Work order:
Look through the entries below and extract exactly the lines from the one containing "جمعی از وزرا" through the one containing "BOOM 💥 Saturday", ends included.

Items from a data source:
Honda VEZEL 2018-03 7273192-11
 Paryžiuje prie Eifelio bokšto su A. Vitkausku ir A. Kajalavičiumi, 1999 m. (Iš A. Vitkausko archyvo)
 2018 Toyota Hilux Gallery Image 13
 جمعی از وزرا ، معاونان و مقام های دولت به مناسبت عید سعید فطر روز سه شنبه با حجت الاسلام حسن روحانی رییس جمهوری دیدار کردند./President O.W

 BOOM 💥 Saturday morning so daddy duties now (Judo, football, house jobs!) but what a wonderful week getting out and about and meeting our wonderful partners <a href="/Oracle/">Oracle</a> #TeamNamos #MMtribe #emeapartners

---

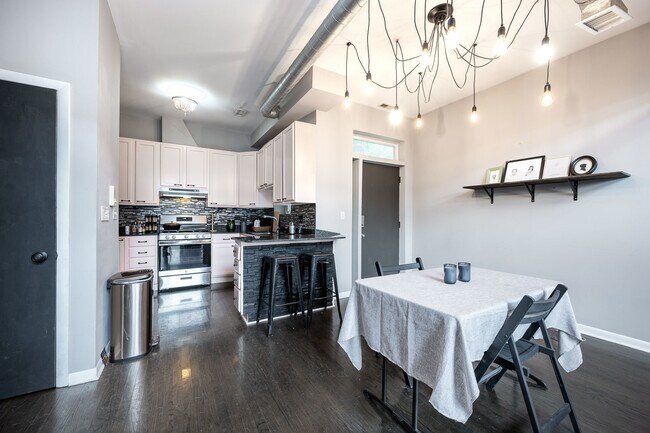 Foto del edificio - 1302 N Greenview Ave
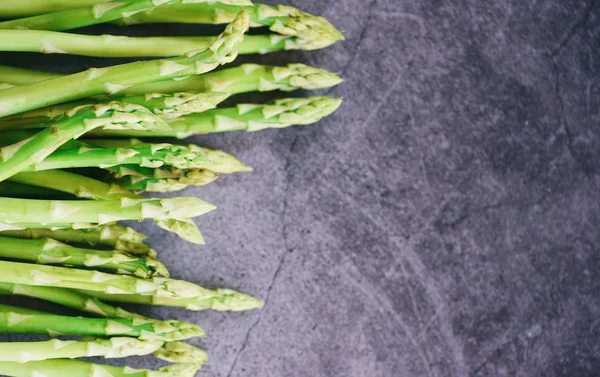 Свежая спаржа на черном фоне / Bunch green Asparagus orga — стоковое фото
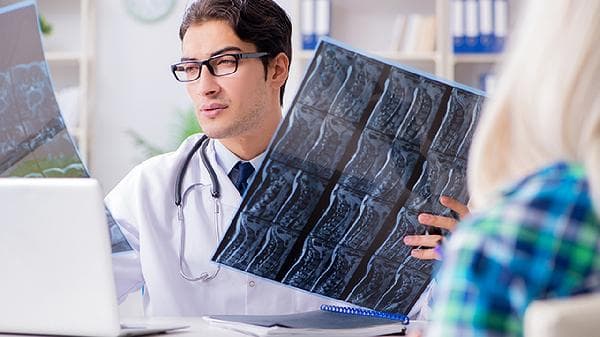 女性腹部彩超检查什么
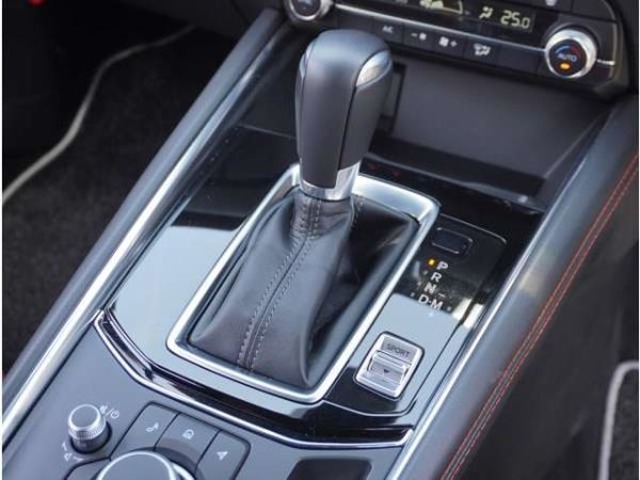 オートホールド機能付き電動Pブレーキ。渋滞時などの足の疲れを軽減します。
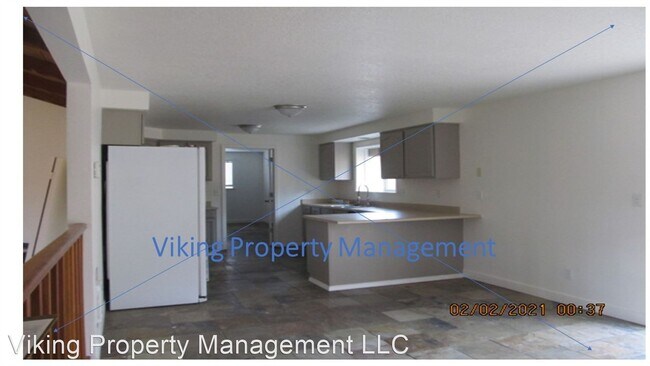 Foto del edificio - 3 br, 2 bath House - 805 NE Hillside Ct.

* * *

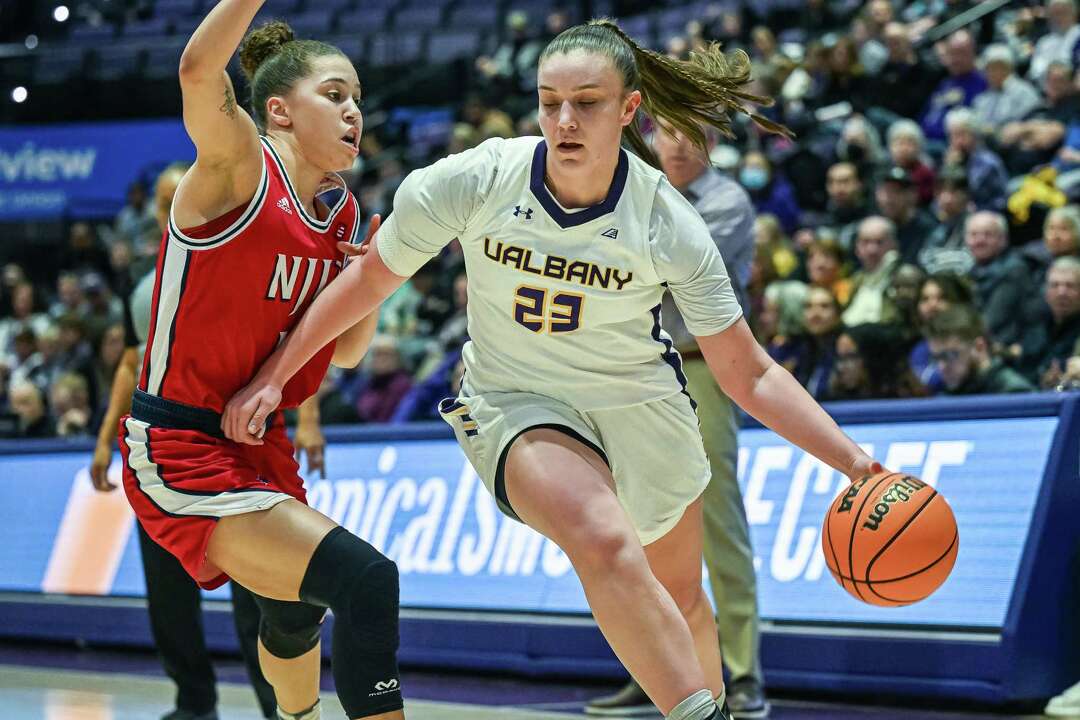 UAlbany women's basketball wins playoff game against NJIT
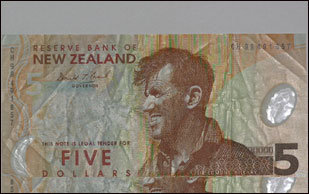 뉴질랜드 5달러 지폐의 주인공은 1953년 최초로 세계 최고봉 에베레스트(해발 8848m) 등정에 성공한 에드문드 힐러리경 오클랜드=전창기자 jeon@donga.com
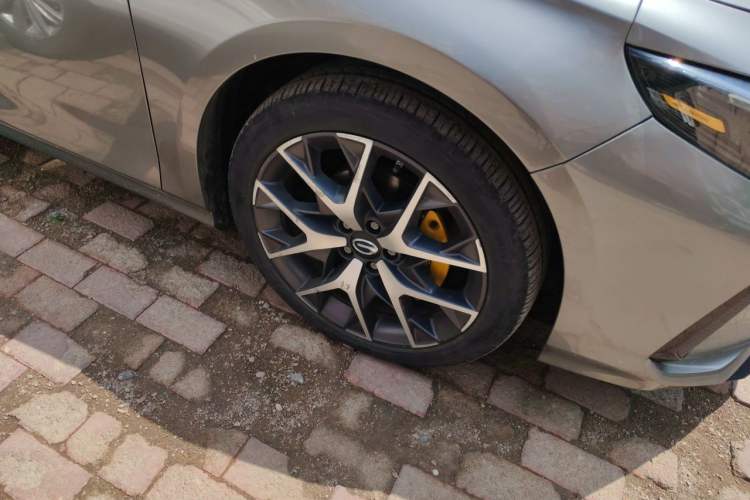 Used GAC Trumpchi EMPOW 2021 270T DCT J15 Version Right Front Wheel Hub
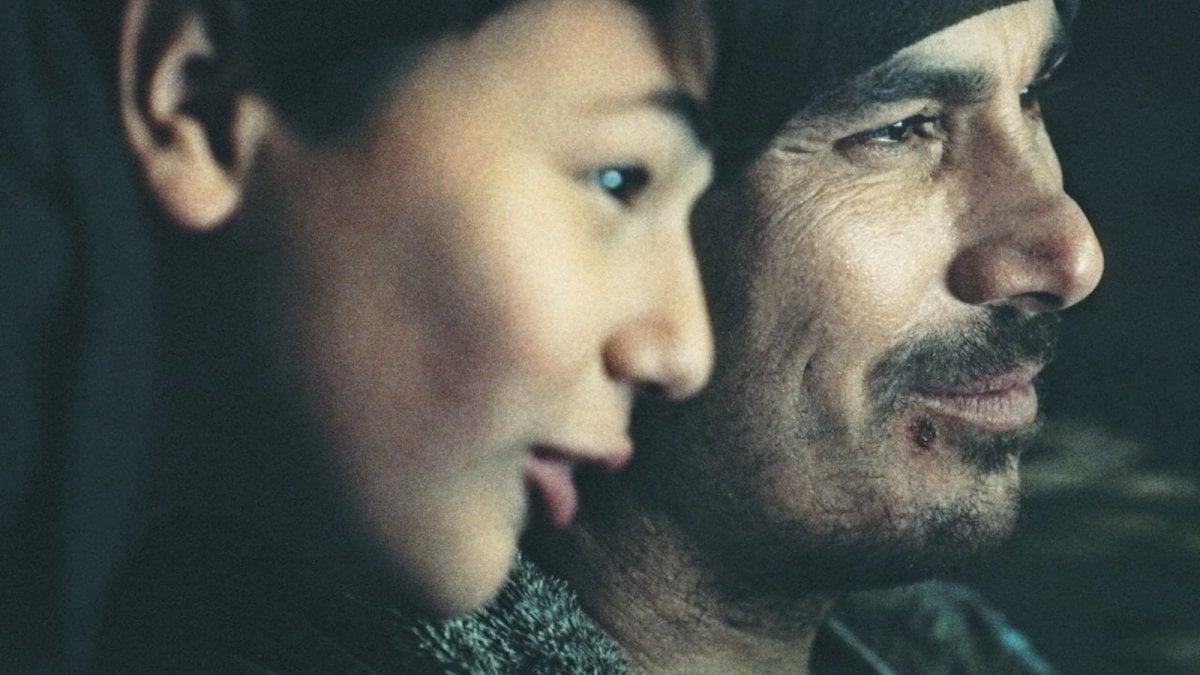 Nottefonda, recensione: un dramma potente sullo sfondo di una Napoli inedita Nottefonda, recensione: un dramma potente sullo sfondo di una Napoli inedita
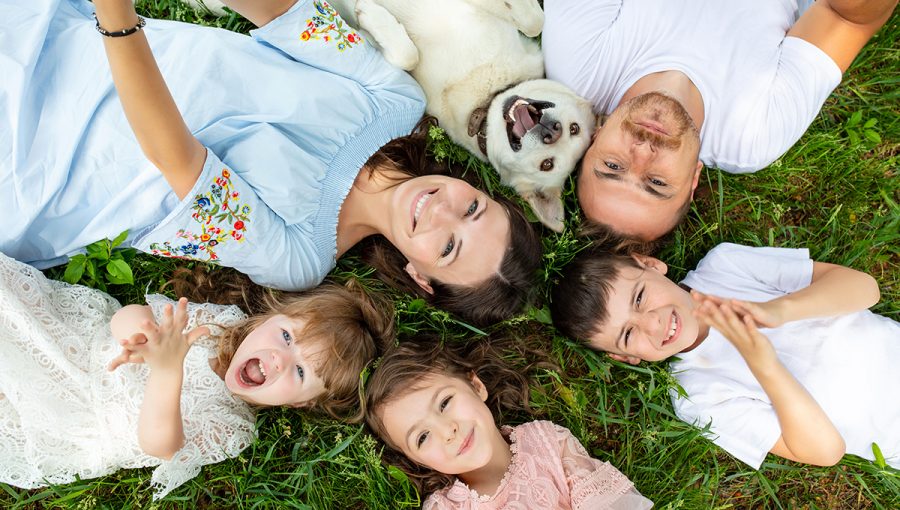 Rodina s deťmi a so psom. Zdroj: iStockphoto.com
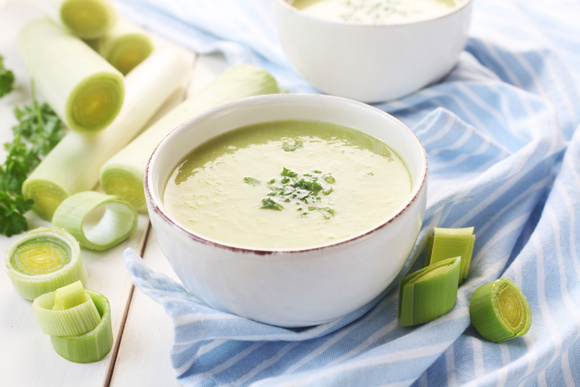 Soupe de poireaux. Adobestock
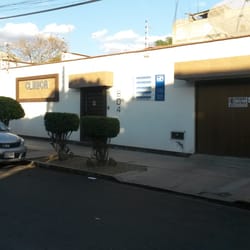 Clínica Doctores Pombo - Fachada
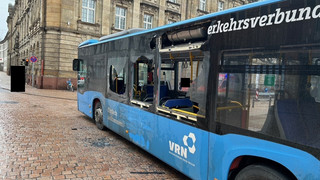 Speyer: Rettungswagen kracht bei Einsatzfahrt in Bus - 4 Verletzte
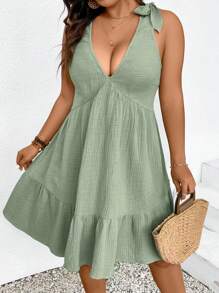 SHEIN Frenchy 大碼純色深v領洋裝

Answer box:
 جمعی از وزرا ، معاونان و مقام های دولت به مناسبت عید سعید فطر روز سه شنبه با حجت الاسلام حسن روحانی رییس جمهوری دیدار کردند./President O.W

 BOOM 💥 Saturday morning so daddy duties now (Judo, football, house jobs!) but what a wonderful week getting out and about and meeting our wonderful partners <a href="/Oracle/">Oracle</a> #TeamNamos #MMtribe #emeapartners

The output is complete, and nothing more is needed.